*** Data to use Section Begins ***
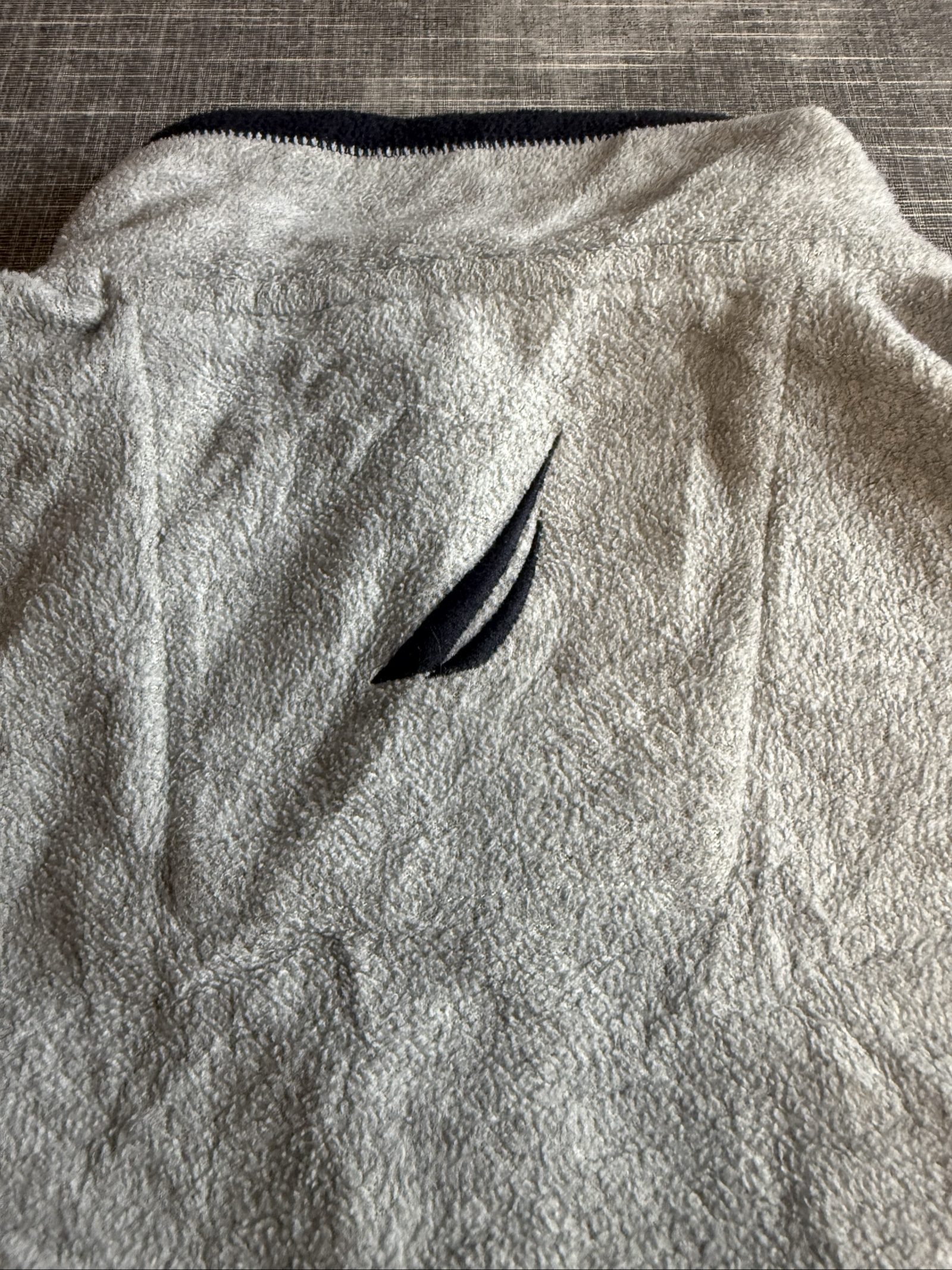 Nautica Men’s Light Grey Fleece Half Zip Jumper XS Warm Soft image 7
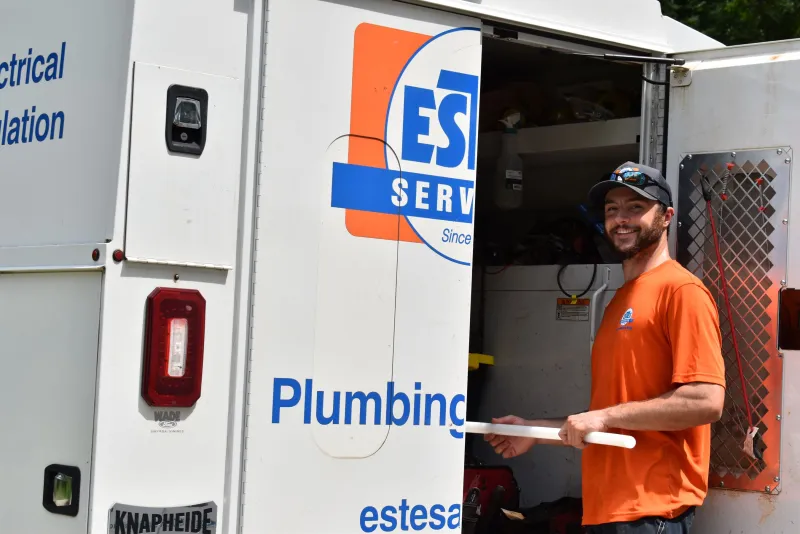 Estes Plumber ready to install a Water heater in Morrow, Georgia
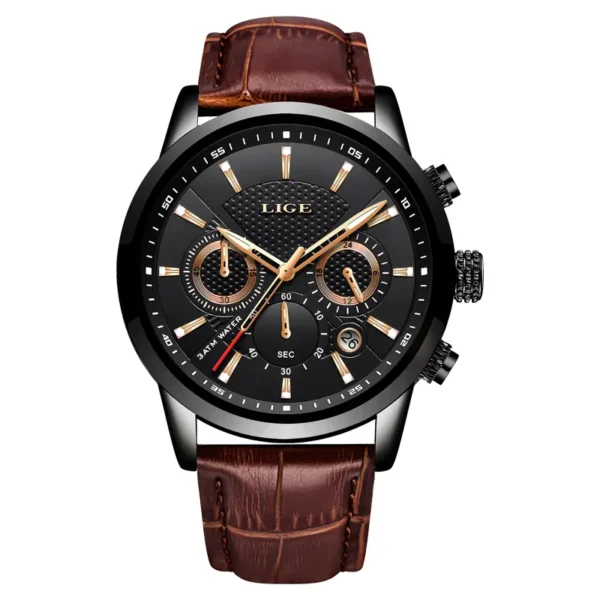 Montres Homme 2024 LIGE Top Marque Luxe, Casual Cuir Quartz Montre Homme, Horloge D'affaires Homme Sport Date Chronographe - Image 5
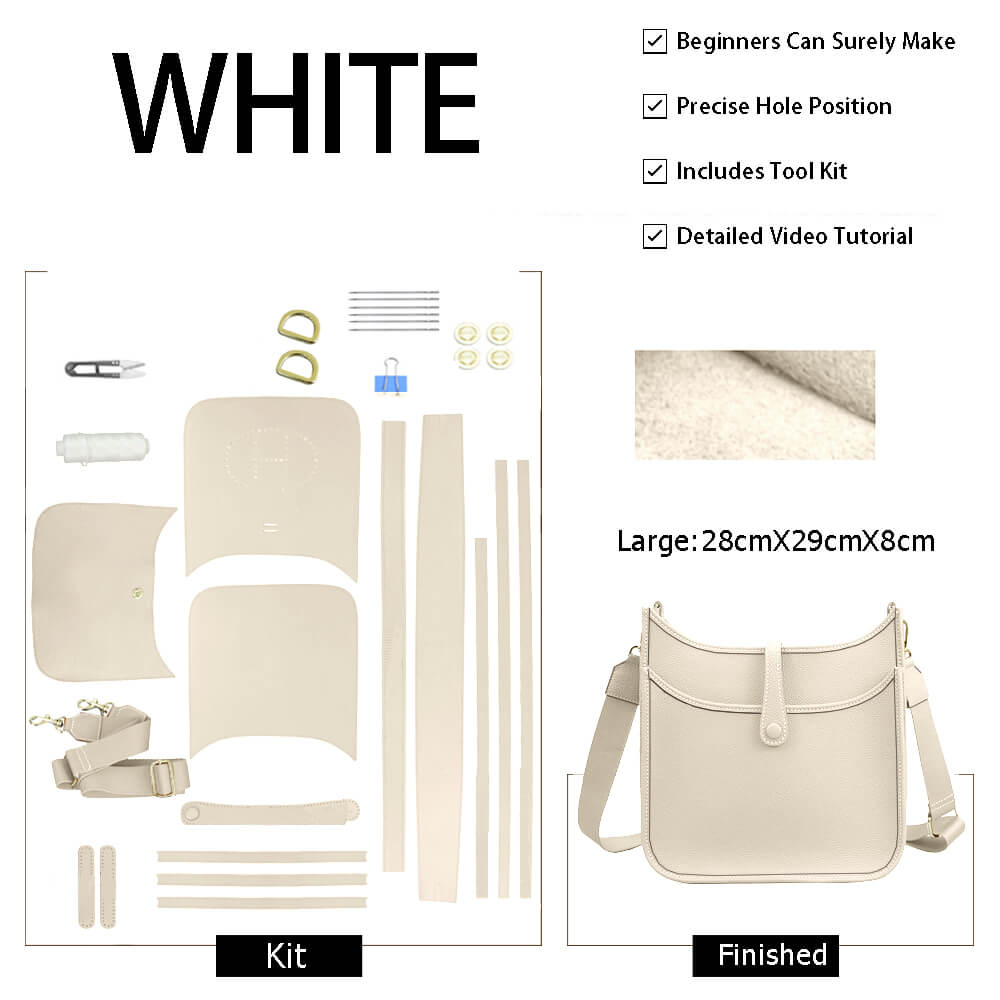Evelyne Bag DIY Kit – Babylon Leather - Babylon LeatherBabylon LeatherSY82-White-White-L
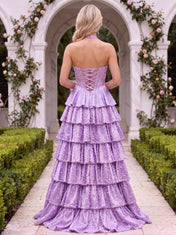 Halter Sweetheart Pearl Beaded Tiered Tulle Prom Dress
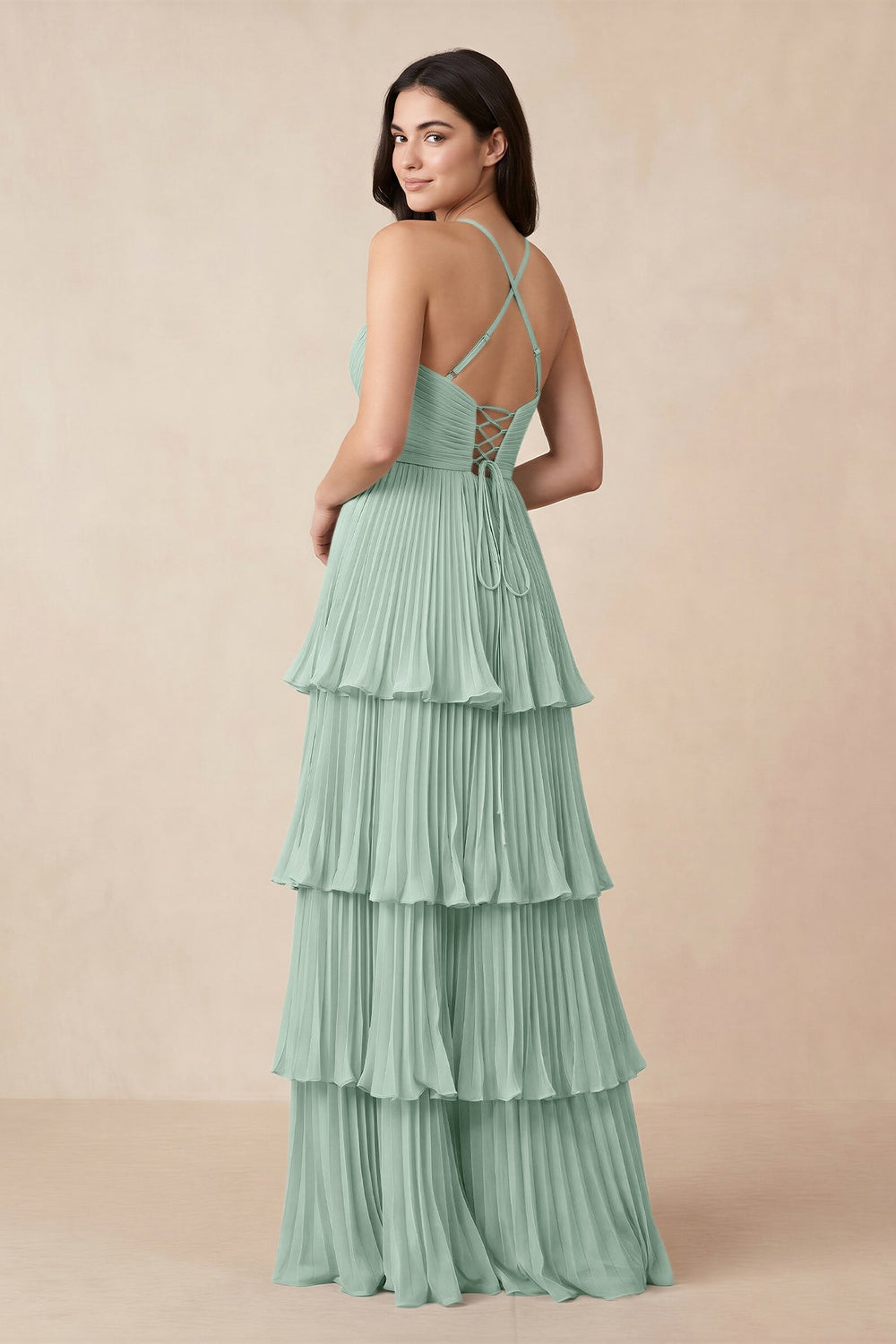 Tiered Pleated V-Neck A-Line Chiffon Bridesmaid Dress in Sage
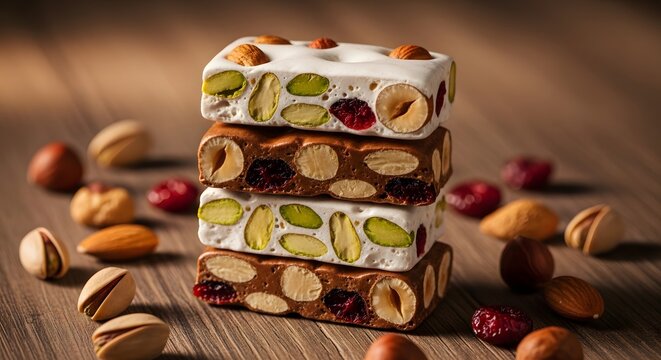 Stacked torrone a delicious italian nougat treat with nuts and dried fruits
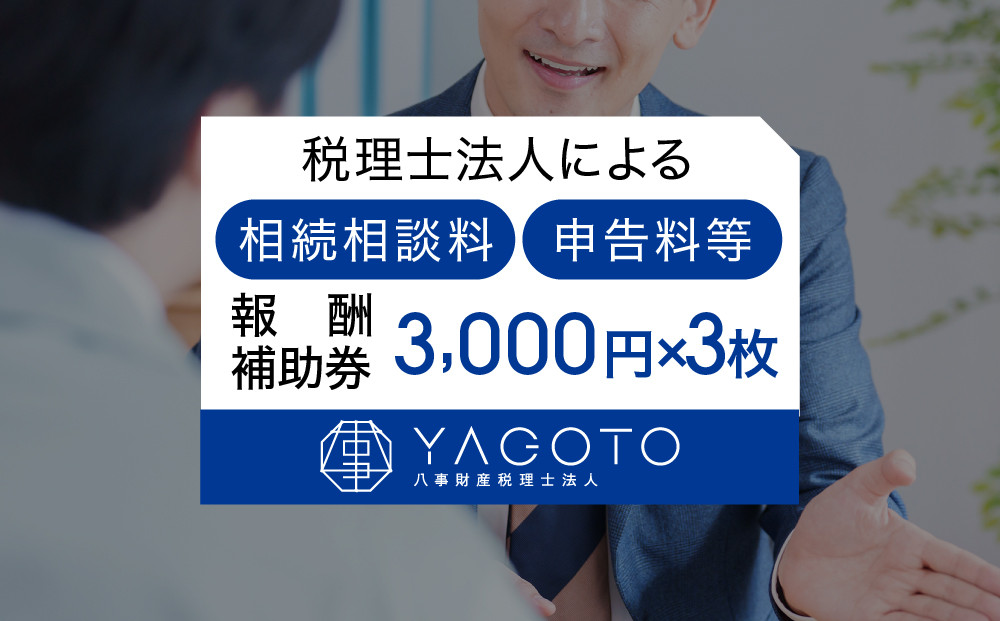 税理士法人による相続相談料・申告料等報酬補助券(3,000円×3枚)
*** Data to use Section Ends ***
• Task to carry out:
Restate word for word each line from the top of the listing down to and including the line that holds "Estes Plumber ready". Drop any pictures.

• Expected answer:
 Nautica Men’s Light Grey Fleece Half Zip Jumper XS Warm Soft image 7
 Estes Plumber ready to install a Water heater in Morrow, Georgia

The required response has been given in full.